By integrating DEI principles into every facet of their business and holding employees accountable through KPIs, companies can not only prevent brand-damaging scandals but also experience growth.
An Example of DEI Failure
Other brands are struggling to keep up. Around the same time that I launched The Sway Effect, Uber released its third diversity report, aiming to enhance Black representation within its workforce. Regrettably, a year later, Uber underwent significant layoffs, resulting in a 1.8% decrease in Black representation. The negative headlines surrounding Uber persist, as an executive was recently suspended for making racially insensitive statements. This is a prime example of a company that has failed to embed DEI into every aspect of their organization. Unfortunately, Uber's experience is not an isolated case.

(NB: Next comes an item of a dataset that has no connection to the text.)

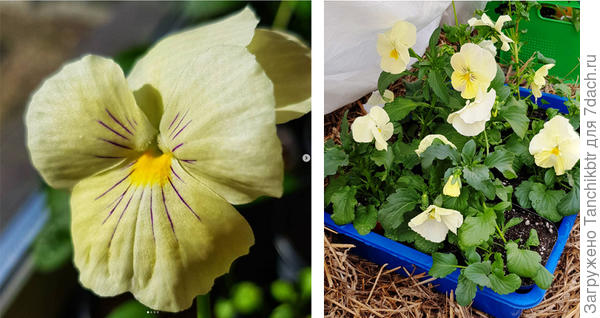 У меня же были цветки с фиолетовыми штрихами или однотонные, ванильные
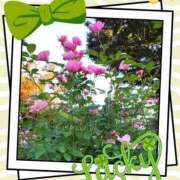 ヒメ日記 2025/11/26 19:05 投稿 あさこ 横浜おかあさん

It’s never too late, and this work will never be done as we, as an industry, can always do better. For example, many forward-looking companies are incorporating accessibility as part of their DEI efforts (adding an "A" to DEI).
From the start of The Sway Effect, I have viewed my role as extending a hand backward. Industry leaders have a collective responsibility to create opportunities and empower individuals. I wholeheartedly recognize that I’m only here today because leaders sponsored me and gave me opportunities. Along my journey, I have worked to do my part. And I continue to do my part, but success ultimately is decided by the right role for the right person.
Jennifer Risi is founder & president, The Sway Effect.